Ugh, fire ants....I hope Austin is better by the time you are reading this. Poor baby.


----------



## inge (Sep 20, 2009)

Oh, that must have been terribly painful, poor guy! I hope he is better now!


----------



## shortcake23 (Aug 15, 2008)

Oh no! Poor Austin!! Must have hurt him a lot! I hope he gets better soon.


----------



## mooselips (Dec 4, 2011)

Here's a probably silly question, how are you administering the benadryl?
Is it the capsules or does it come in a liquid?

(because I don't know)


----------



## Wagners Mom2 (Mar 20, 2012)

How is he this morning? Hope all is well.  

Mooselips--when I give benadryl, I give it in pill form. Tried liquid in a pinch once--and my dog looked at me like I had lost my mind--he wouldn't touch it! lol.


----------



## mooselips (Dec 4, 2011)

Thank you, I was just wondering how you would adjust the dosage and I need to take some on our trip.


----------



## Wendy427 (Apr 4, 2009)

OMG how awful!! Poor baby! Hope he's doing better this morning!


----------



## CAROLINA MOM (May 12, 2009)

How's Austin doing this morning? Poor guy, fire ants are the worst, I have yet to figure out what purpose they serve.


----------



## vrmueller (Jun 14, 2008)

You never know what these guys are going to pick up!!! I hope Austin recovered without incident. Please let us know.


----------



## canine_mommy (Dec 27, 2010)

Thank you all for inquiring about Austin. His tongue has tiny red dots and I can feel bumps on the insides of his cheeks. His lips and muzzle area were quite swollen in big bumps this morning, so off to the vet we went. Vet asked me to continue giving Benadryl twice a day and also gave antibiotics.
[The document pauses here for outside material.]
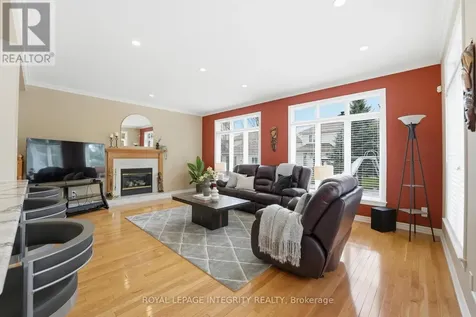 578 Devonwood Circle Ottawa ON K1T 4E6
The one thing I'm a quite concerned about is he has been making this gurgling sounds while swallowing. Not all the time, but at least 2-3 times and I've never heard it before. So I'm worried his throat may have some swelling inside. Told the vet this and he said the antibiotic/antihistamine combo should help :crossfing

Austin's pretty active and playing, not lethargic, so I'm very relieved. He drinks water normally and ate his food too. I had to insist a bit on the food, but I'm hoping it was because he was still groggy from the Benadryl. He had been licking his lips this morning, I guess the Benadryl's effect wore off. So I have given him both the Benadryl and antibiotic. I'm gonna work from home till lunch today, to watch him. Hopefully there won't be any issues... :crossfing 

Thanks once again for all the advise.


----------



## inge (Sep 20, 2009)

I am glad he is a bit better. What a scare!


----------



## Tennyson (Mar 26, 2011)

Mick and I were visiting my Aunt down in West Palm Beach. She has a very up-scale condo. Mick was laying out on her patio. I see him swatting at his face. He was covered in red ants. Mostly in his ears. What a mess. Gave him his epi shot and rushed him to the ER vet. She gave him an antibiotic shot, oral antibiotics and cleaned his ears with a topical antibiotic. He was okay within 24 hrs. but man o man......those ants are nasty. I got a few bite as well. Nasty SOBs!
Told my Aunt not to will me her condo.


----------



## Florabora22 (Nov 30, 2008)

Glad to read Austin is okay. Flora did this once when we were living in Louisiana, her tongue was just covered with fire ants. She actually didn't seem bothered at all though, so I just let it go.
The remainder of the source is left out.